In [28], the strength of regulation (i.e., highly regulated genes have large standard deviation in their expression profiles) is an important criterion for the detection of periodically expressed genes. Regulation strength was not used as a criterion by our method (as well as the method of [11]) in detecting profile periodicity since the Gstatistic value given by Equation (14) gives a normalized periodic score. Based on the periodicity criterion alone, our method has comparable performance with [28] for the alpha and cdc28 experiments. For the cdc15 experiment, our result is notably inferior (see Figure 12). However, if we look at the cdc15 profiles as shown in Figure 9, we see that even the high ranking profiles are very noisy, and hence the comparison for cdc15 have lower reliability with regard to periodicity behavior. When regulation strength is taken into consideration as well, the results of [28] clearly outperformance our results for the B1 dataset (see dotted curves in left column of Figure 12). This is not surprising since it was pointed out in [28] that the benchmark datasets B1 and B2 are biased towards periodic genes which are strongly regulated. In fact, it was observed in [28] that regulation strength alone outperforms pure periodicity score for the alpha factor experiment on both B1 and B2 datasets. However, for the B3 dataset, taking regulation strength into account actually gives inferior results for all three experiments. As noted by [28], the B3 dataset is likely to be biased toward small amplitude genes. This suggests that regulation strength is only helpful in situations where genes involved in the cell cycle are also significantly regulated. It would not be useful (and can in fact worsen the performance) in situations where genes are highly regulated but are not involved directly in cell cycle process.
Figure 12. Comparison of coverage as a function of gene rank between results of [28] and our method.
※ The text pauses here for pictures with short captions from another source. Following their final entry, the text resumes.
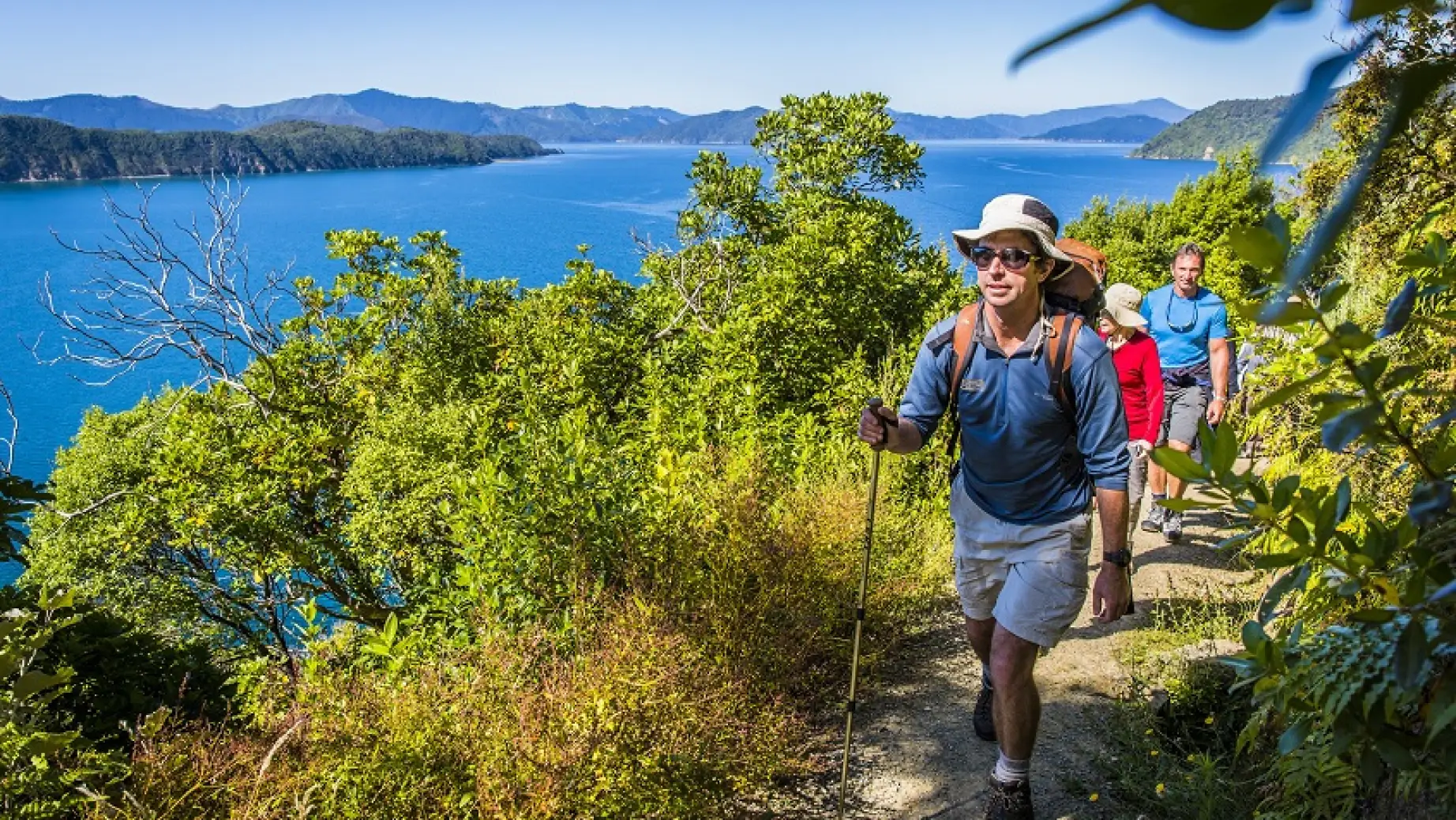 Ein Paar wandert mit einem Führer entlang des Queen Charlotte Sound in Marlborough, Neuseeland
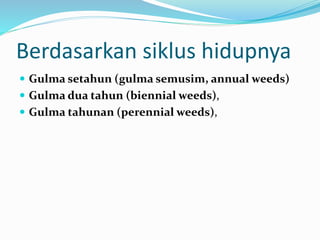 Berdasarkan siklus hidupnya
 Gulma setahun (gulma semusim, annual weeds)
 Gulma dua tahun (biennial weeds),
 Gulma tahunan (perennial weeds),
 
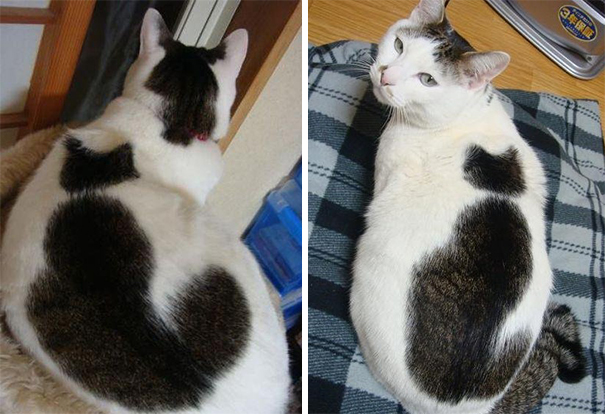 gato blanco con mancha negra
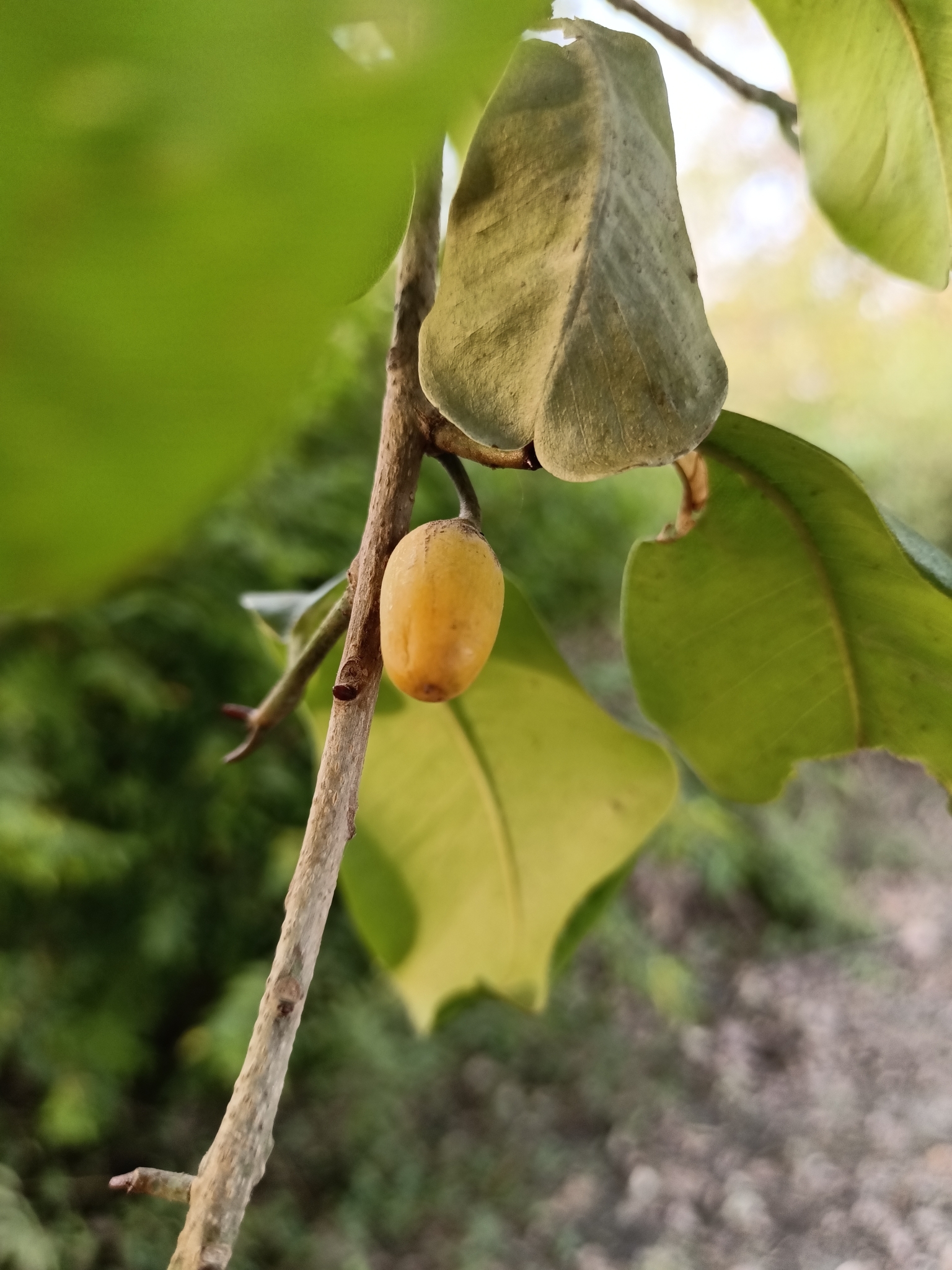 Imagem de Maçaranduba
Left column: results of [28] on the benchmark sets B1, B2, and B3 when only periodicity is considered (solid lines), and when periodicity and regulation strength are both considered (dotted lines). Right column: results of our method on the benchmark sets B1, B2, and B3. Red line is for B1, green line is for B2, blue line is for B3. Xaxis is the fraction of set identified, yaxis is the number of genes identified.
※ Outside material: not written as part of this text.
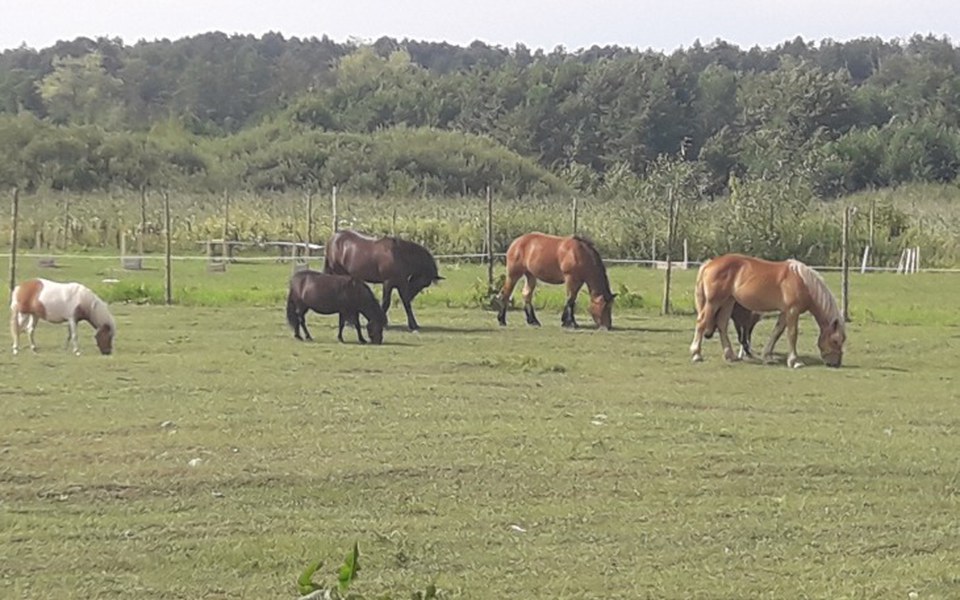 
        Zbiórka Ratuj konie razem ze mną. - zdjęcie główne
The three benchmark datasets are also analyzed in [29]. Both the method of [29] and our method considered only periodicity as the sole criterion. We cited their results in Figure 13. Comparing their results with our results as shown in Figure 10, we see that for the alpha factor experiment, our results is better for B3, comparable with theirs for B2, and inferior for B1. For the cdc15 experiment, our results are better for all three benchmark datasets. For this experiment, it is interesting to note that although our results are notably inferior to that of [28], they are significantly better than that of [29]. For the cdc28 experiment, our results are better for B1, while comparable for B2 and B3. The above comparative study indicates the difficulty in making general performance comparison between different algorithms even with benchmark datasets due to the differences in dataset characteristic.
Figure 13. Results of [29] on the benchmark sets B1, B2, and B3 (Figure adopted from [29]). Our method (see Figure 10) compares favorably with that of [29]. Both the method of [29] and our method considered only periodicity as the sole criterion. We see that for the alpha factor experiment, our results are better for B3, comparable for B2, and inferior for B1. For the cdc15 experiment, our results are better for B1, B2, and B3. For the cdc28 experiment, our results are better for B1, while comparable for B2 and B3.
Conclusion
In this paper, we have proposed a new spectral estimation algorithm based on a signal reconstruction technique in an unevenly sampled space. The advantage of our algorithm over the LombScargle spectral estimation method is that the new algorithm can effectively reduce the effects of noise and spurious oscillation components and therefore improve the estimation accuracy. Experiments on simulated signals and real gene expression data show that our method is effective in identifying periodically expressed genes. Finally, we remark that this paper focuses on the improvement of periodicity estimation accuracy using spectral analysis algorithms. Another important issue is the statistical significance of the periodicity of a time series. Interested readers are referred to Chen [10], Wichert et al. [11] and Glynn et al. [15], who have used hypothesis testing to address this problem.
Methods
Mathematical model
In the following, we first review existing work on signal analysis in the shiftinvariant signal space, and then derive the new spectral estimation algorithm.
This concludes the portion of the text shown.